Enfin, il y a des externalités, pour employer un mot technique, qui sont très complexes, du fait de la pollution. Songez par exemple au coût pour l’État, pour la sécurité sociale, donc pour les citoyens, des particules fines. Selon l’INSERM – ce n’est pas moi qui le dis –, ce coût était évalué à 3 milliards d’euros en 2015, et sans doute la situation s’est-elle détériorée depuis lors.

De même, nous avons parfois évoqué ici les recettes de la fiscalité sur le tabac et le coût pour la sécurité sociale de la consommation de cigarettes, les fumeurs développant souvent, malheureusement, des cancers.

Comment budgétiser ces coûts ? À la fin des fins, du fait de comportements que nous subissons, que nous avons choisis ou que nous n’avons pas assez accompagnés, il faut plus d’argent public pour la santé.

Je pense par ailleurs, et je le dis au rapporteur général, que les annonces du Premier ministre de la semaine dernière, pour un montant d’environ 500 millions d’euros, n’ont rien de magique ! Il s’agit bien d’une dépense publique ou d’une dépense fiscale supplémentaire. (M. le rapporteur général sexclame.)

Vous aurez du mal, monsieur le rapporteur général, à défendre, d’un côté, le fait de ne pas puiser dans les réserves – je reviendrai sans doute tout à l’heure sur les propos de M le président Cambon et d’autres parlementaires sur le budget des armées –, et, de l’autre, l’affectation de toutes formes de recettes ou de bonnes nouvelles. Cela ne me paraît pas raisonnable. C’est même tout à fait contradictoire.

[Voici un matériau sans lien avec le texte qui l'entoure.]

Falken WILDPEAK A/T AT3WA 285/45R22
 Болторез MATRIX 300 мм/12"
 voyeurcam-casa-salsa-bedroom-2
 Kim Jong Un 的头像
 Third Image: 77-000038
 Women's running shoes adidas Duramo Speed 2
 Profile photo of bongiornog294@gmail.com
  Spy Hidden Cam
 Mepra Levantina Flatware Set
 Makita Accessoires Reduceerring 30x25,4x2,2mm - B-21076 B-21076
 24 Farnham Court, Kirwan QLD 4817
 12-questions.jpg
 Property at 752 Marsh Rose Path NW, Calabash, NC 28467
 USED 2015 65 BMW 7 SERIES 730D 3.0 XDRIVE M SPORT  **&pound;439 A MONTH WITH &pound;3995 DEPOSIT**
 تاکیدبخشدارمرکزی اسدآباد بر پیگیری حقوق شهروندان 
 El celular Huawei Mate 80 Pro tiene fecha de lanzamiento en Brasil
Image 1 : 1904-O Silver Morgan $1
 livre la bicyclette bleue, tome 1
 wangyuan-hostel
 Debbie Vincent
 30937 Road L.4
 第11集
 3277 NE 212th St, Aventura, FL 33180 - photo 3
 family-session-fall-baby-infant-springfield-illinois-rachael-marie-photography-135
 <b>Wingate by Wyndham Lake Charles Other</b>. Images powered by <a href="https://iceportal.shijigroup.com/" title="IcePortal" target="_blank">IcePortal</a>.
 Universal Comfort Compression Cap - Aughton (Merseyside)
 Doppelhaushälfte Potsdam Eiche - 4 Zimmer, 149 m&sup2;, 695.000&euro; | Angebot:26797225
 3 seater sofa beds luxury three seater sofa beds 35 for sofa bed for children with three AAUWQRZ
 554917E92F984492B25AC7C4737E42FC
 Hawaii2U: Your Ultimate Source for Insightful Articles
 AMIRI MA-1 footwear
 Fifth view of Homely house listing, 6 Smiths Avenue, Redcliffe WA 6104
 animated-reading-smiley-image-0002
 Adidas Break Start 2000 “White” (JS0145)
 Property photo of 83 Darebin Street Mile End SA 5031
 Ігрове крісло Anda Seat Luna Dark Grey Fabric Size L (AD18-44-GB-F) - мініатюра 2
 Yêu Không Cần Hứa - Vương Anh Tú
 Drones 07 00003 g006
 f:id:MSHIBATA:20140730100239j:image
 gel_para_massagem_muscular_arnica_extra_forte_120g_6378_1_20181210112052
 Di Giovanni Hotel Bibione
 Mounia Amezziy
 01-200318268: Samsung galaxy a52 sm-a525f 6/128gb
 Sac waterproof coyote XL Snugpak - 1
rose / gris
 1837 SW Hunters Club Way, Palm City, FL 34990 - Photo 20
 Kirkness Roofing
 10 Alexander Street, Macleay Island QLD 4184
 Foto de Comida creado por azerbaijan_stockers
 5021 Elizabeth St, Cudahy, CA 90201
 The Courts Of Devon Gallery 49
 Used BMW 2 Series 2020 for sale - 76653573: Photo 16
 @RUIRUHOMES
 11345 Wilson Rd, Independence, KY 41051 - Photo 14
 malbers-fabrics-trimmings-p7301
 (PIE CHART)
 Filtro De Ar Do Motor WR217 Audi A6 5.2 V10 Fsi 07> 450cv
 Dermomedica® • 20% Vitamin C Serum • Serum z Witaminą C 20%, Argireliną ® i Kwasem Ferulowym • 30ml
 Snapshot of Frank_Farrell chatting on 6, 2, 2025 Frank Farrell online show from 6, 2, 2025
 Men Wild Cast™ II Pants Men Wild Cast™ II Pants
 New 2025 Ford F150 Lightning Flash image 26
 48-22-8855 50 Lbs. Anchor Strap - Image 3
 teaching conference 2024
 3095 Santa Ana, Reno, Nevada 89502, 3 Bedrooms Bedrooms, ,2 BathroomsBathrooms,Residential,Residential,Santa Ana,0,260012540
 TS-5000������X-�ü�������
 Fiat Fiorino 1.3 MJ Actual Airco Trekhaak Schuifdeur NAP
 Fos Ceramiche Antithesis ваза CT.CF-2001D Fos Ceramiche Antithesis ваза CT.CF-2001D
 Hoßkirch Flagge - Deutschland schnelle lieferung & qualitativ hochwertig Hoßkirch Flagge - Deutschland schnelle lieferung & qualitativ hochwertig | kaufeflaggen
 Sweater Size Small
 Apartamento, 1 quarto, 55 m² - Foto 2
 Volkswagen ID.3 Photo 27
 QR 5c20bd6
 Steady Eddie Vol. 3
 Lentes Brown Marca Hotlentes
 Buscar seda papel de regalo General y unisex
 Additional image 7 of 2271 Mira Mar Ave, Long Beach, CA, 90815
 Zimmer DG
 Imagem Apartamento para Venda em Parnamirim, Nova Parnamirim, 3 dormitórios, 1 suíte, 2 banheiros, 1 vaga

Nous aurons sans doute un débat sur la fiscalité écologique lors de l’examen du projet de loi de finances. En attendant, je demande le retrait de cet amendement, faute de quoi j’émettrais un avis défavorable.

Mme la présidente. Monsieur Raynal, l’amendement n° 4 est-il maintenu ?

M. Claude Raynal. L’objectif de cet amendement était précisément de vous entendre, monsieur le ministre. J’ai lu régulièrement la presse sur ces questions, et il me semble que vous n’avez pas vraiment été aidé par vos collègues… (Sourires.)

Reconnaissons-le, le Gouvernement a commencé par dire qu’il prélevait une partie de la taxe intérieure de consommation sur les produits énergétiques pour financer la transition énergétique.